In a Parallel Universe

Many theoretical physicist today believe that we live in a multiverse, comprised of possibly an infinite number of parallel universes, some of which differ from each other only slightly, others, some more, and still others, very much. This idea was used a few years ago in the TV series “Fringe,” whose protagonists got to interact with a parallel universe almost, but not quite, the same as ours. E.g., in theirs, hi-tech zeppelins were a thriving method of transportation in the 21st century, 911 never happened, and so on. The protagonists had a special looking-glass through which the parallel universe could be observed.

I, too, had a chance to peek in a parallel universe, one that is almost, but not quite, a mirror reflection of ours. Here’s what’s been happening there lately.

In that universe, the USA and Mexico used to be one country — USAM, the United States of America and Mexico. However, in 1991, Mexico declared its independence and seceded — and it so happened that California, Texas and Florida went to Mexico. Even though they were predominantly populated by English-speaking people who considered themselves Americans, these states suddenly found themselves cut away from their American identity and given a new Mexican identity and a new Mexican rule, largely due to the overall weakness of political will and much confusion following the split of the USAM.
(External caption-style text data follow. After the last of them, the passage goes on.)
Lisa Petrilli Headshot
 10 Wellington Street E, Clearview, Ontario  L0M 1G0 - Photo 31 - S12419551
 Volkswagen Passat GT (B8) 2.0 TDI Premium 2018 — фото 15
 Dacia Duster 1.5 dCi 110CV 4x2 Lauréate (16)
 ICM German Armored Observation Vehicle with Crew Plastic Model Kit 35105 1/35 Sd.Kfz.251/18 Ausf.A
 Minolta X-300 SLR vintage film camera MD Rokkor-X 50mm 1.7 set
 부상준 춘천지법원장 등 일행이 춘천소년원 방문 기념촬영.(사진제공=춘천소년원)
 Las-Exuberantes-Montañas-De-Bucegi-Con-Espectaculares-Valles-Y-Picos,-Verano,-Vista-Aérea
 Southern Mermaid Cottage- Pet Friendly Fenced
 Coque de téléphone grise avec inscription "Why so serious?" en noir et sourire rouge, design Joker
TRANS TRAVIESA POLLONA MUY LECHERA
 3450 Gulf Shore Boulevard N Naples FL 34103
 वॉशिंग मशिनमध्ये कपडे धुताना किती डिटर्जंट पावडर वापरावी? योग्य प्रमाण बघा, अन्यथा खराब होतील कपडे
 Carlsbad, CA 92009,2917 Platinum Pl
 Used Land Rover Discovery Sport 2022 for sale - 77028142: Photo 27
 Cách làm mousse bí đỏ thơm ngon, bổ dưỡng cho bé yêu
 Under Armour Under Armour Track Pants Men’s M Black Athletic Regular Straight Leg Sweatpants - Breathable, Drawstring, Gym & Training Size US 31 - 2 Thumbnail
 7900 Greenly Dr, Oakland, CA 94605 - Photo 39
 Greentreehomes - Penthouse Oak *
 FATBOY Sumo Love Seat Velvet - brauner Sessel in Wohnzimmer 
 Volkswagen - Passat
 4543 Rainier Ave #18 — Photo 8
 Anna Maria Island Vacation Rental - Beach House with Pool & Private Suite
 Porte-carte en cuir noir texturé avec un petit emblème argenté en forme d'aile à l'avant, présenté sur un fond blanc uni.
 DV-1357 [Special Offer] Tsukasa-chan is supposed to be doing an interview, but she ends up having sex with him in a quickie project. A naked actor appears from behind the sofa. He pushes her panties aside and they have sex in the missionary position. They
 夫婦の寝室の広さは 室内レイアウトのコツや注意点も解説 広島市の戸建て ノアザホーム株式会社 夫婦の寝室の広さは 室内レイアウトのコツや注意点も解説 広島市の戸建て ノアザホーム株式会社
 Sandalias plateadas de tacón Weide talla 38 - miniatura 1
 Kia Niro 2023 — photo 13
For 23 years, each government elected to rule the newly independent Mexico was more corrupt than its predecessor, and Mexico was doing poorly, having lost much of its former economic and cultural momentum. As often is the case under such circumstances, assorted extreme nationalist, far right, and neonazi groups filled in the ideological vacuum with their propaganda. These groups were largely financed and manipulated by Russia, Cuba, and North Korea, countries that were interested in destabilizing Mexico even further toward their own agendas. Finally the fourth president of Mexico, Victorio Yanandez, lawfully elected but as corrupt as any of his predecessors, and weak and indecisive in his dealings with the radical groups, was overthrown via a violent coup, and a junta came to power in Mexico.

The very first law passed by this new government established Spanish as the only language accepted on the territory of Mexico; banned the study and use of the English language in schools and colleges; criminalized teaching it to kids in families; blocked all TV channels broadcasting in English; arrested and tortured whoever made a peep; and proclaimed that all English-speaking and culturally pro-American whites, blacks, Asians, etc.. are officially classified as “sub-humans.”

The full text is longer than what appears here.